NASIONAL

Sembako dan Pendidikan Mau Dipajaki, Bukhori: Kehilangan Akal Konstitusi

Jakarta (SI Online) – Pemerintah berencana memperluas objek pajak yang akan dikenakan pajak pertambahan nilai (PPN) demi mengerek kas negara. Rencana ini tertuang dalam perubahan kelima atas Undang-Undang tentang Ketentuan Umum dan Tata Cara Perpajakan (KUP).

Salah satu yang menjadi sorotan sehingga menimbulkan polemik adalah ketentuan dalam draf RUU Revisi UU KUP yang tidak lagi mengecualikan jasa pendidikan dan sembako sebagai objek pajak yang dikenakan PPN.

Anggota Komisi VIII DPR RI Bukhori Yusuf menyebut rencana pemerintah untuk mengenakan pajak bagi sembako dan jasa pendidikan sebagai tindakan yang sudah kehilangan akal konstitusi.

“Ini akan menjadi tikaman dari belakang terhadap rakyat bila wacana ini benar-benar terealisasi. Apalagi sebelumnya, Menteri Keuangan seolah sembunyi-sembunyi dalam merencanakan ini sampai akhirnya dokumen RUU itu bocor di tengah publik.

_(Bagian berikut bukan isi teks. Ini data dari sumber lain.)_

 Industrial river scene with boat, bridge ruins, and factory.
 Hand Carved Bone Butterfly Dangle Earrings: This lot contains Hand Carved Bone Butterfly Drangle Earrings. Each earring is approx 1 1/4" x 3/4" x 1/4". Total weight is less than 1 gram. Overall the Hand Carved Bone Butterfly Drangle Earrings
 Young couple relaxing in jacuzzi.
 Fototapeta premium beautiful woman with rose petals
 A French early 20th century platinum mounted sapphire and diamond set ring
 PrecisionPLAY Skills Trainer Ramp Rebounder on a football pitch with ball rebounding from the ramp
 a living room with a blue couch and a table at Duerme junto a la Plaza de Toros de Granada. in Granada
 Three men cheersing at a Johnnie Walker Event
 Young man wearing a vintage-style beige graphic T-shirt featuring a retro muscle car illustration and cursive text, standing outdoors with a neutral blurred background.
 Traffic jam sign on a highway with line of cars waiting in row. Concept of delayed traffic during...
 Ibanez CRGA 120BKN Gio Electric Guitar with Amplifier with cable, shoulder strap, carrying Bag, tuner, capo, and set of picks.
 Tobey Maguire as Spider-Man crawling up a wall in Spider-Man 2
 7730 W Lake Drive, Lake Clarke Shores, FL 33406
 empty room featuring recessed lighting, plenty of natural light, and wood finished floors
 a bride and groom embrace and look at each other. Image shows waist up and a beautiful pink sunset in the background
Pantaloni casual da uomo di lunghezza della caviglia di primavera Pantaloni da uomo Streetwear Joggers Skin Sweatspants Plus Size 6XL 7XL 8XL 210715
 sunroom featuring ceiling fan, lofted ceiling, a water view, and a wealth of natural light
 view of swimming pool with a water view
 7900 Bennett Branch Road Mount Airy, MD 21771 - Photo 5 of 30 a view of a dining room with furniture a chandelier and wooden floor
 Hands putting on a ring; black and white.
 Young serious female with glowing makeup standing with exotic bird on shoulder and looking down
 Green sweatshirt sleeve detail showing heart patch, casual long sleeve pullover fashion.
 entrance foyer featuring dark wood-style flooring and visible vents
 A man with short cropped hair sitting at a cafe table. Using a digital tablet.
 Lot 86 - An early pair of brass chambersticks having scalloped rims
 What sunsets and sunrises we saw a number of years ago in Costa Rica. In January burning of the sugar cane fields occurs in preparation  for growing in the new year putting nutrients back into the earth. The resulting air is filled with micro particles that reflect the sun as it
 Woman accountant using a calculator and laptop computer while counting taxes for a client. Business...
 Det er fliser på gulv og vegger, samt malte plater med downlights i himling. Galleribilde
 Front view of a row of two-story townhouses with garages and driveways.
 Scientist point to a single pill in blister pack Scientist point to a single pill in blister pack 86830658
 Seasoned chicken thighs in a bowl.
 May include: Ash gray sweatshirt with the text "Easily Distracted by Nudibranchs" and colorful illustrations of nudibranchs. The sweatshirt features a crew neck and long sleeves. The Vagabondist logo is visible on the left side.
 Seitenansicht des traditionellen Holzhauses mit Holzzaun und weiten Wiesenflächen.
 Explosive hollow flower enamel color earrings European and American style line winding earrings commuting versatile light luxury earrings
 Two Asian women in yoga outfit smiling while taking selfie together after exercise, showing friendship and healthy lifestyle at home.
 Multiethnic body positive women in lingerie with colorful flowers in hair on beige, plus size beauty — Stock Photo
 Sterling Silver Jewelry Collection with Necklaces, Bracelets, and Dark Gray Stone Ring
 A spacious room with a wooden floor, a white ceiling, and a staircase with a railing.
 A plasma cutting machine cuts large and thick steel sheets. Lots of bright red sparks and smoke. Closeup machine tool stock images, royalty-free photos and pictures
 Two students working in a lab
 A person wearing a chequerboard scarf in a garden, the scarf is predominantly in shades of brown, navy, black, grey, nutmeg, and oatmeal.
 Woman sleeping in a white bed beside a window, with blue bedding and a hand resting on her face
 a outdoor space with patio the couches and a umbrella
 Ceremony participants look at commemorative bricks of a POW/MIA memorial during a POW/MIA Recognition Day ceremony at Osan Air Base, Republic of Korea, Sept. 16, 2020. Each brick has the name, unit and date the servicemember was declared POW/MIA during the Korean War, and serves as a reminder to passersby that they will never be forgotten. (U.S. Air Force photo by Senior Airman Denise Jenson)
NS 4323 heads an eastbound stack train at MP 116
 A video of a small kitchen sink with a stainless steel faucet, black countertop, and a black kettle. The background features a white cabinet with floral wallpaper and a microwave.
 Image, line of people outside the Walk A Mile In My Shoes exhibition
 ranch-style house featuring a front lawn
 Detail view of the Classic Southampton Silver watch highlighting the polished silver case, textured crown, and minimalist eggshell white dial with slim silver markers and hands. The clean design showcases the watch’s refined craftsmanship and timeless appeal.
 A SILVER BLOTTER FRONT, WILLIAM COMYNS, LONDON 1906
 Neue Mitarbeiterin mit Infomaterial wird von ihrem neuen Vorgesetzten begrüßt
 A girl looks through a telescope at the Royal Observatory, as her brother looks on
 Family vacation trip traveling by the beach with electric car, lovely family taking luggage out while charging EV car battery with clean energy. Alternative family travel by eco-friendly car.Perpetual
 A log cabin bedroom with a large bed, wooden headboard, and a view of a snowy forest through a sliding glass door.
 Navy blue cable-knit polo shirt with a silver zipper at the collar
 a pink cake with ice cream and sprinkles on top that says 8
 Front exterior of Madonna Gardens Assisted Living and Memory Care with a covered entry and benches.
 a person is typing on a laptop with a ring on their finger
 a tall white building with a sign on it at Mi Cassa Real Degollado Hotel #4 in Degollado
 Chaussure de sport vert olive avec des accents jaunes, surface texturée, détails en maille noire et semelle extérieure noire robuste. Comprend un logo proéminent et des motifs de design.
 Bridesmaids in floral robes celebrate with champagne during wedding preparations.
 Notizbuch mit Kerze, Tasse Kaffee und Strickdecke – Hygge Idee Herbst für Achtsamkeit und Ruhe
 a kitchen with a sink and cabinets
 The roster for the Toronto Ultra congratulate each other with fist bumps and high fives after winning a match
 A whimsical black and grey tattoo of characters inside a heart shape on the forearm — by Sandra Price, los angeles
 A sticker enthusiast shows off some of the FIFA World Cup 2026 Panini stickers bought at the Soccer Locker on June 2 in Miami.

Rakyat sudah susah, jangan bebani dengan pajak,” ungkapnya.

Anggota Komisi Sosial ini menegaskan kepada pemerintah supaya kembali berpedoman pada amanat konstitusi, yakni untuk melindungi segenap bangsa Indonesia dan seluruh tumpah darah Indonesia serta untuk memajukan kesejahteraan umum. Amanat konstitusi meminta pemerintah untuk menghadirkan kesejahteraan dan keadilan, bukan kesengsaraan bagi masyarakat yang tengah berjuang bertahan hidup di masa pandemi.

Baca juga: Sri Mulyani: Kita Tidak Pungut PPN Sembako, tapi…..

Di sisi lain, politisi PKS ini juga melihat adanya bentuk ketidakadilan kebijakan sehingga mempertajam kecemburuan sosial di tengah masyarakat. Misalnya, Bukhori menyandingkan wacana PPN bagi sembako dan sekolah dengan pemberian stimulus konsumsi kelas menengah oleh pemerintah berupa relaksasi pajak penjualan barang mewah (PPnBM) sektor otomotif. Sehingga, diskon pajak bisa mencapai 100% atau PPnBM mulai 0% untuk pembelian mobil baru.

“Kelompok menengah ke atas berduyun-duyun membeli mobil baru sementara orang miskin justru akan dibebani dengan pajak. Ini akan memecah belah masyarakat akibat dimensi ekonomi dan sosial mereka dipengaruhi oleh model kebijakan yang timpang,” imbuhnya.

Lebih lanjut, anggota Badan Legislasi ini mencemaskan apabila bahan sembako dikenakan PPN akan berimbas pada peningkatan harga jual barang. Kenaikan ini, lanjutnya, akan menekan daya beli masyarakat sehingga berdampak pada pengurangan belanjanya.

Akibatnya, pemulihan ekonomi akan terhambat karena daya beli masyarakat yang turun. Kendati demikian, kekhawatiran ini sesungguhnya tidak akan terjadi apabila diimbangi juga dengan perluasan dan peningkatan bantuan sosial dari segi nominal dan jumlah penerima manfaat secara memadai.

“Badan Pusat Statistik (BPS) mencatat penduduk miskin pada September 2020 mencapai 27,55 juta jiwa atau meningkat 2,76 juta dibandingkan dengan tahun sebelumnya. Dengan demikian, dampak sosial yang tidak bisa dihindarkan apabila wacana ini direalisasikan adalah terjadinya ledakan kemiskinan. Sebab, bahan makanan menyumbang 73,8% dari total komponen garis kemiskinan,” jelasnya.

Terkait wacana pungutan pajak untuk jasa pendidikan, dosen sekaligus politisi ini meminta pemerintah untuk tidak memaknai sektor pelayanan publik di bidang pendidikan sebagai komoditas untuk menambah kas negara. Sebab itu, ia mengimbau pemerintah untuk mengambil cara lain yang lebih bermaslahat, misalnya pengenaan pajak tinggi bagi perusahaan yang mengeksploitasi SDA Indonesia.